Taking the line with "Building Photo - $4,400 16920 SW 34th St" as the first and the line with "Second-hand VW Transporter" as the last, set down the lines below exactly, pictures excluded.

Given data Block Start

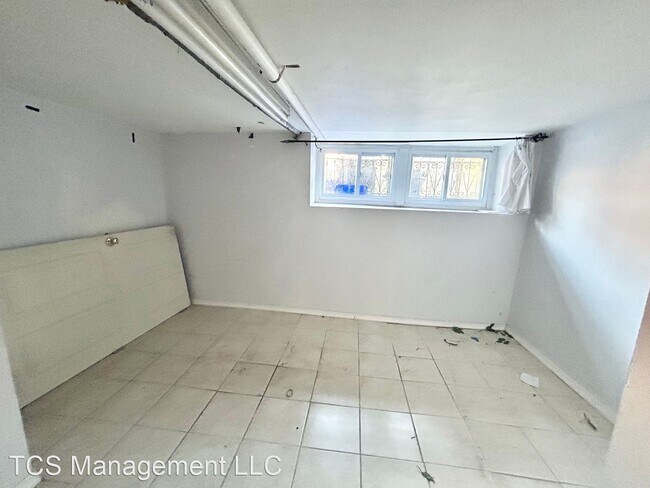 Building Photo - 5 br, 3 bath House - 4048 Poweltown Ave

Given data Block End
Given data Block Start

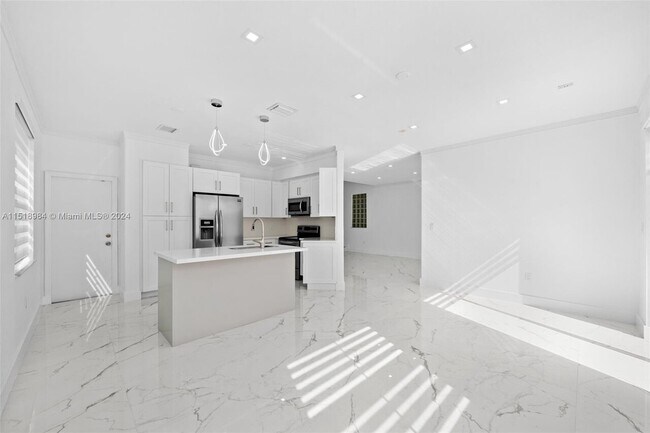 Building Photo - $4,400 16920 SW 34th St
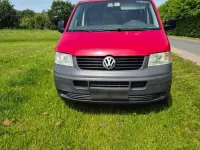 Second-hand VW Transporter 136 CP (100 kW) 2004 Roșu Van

Given data Block End

**Output below:**
 Building Photo - $4,400 16920 SW 34th St
 Second-hand VW Transporter 136 CP (100 kW) 2004 Roșu Van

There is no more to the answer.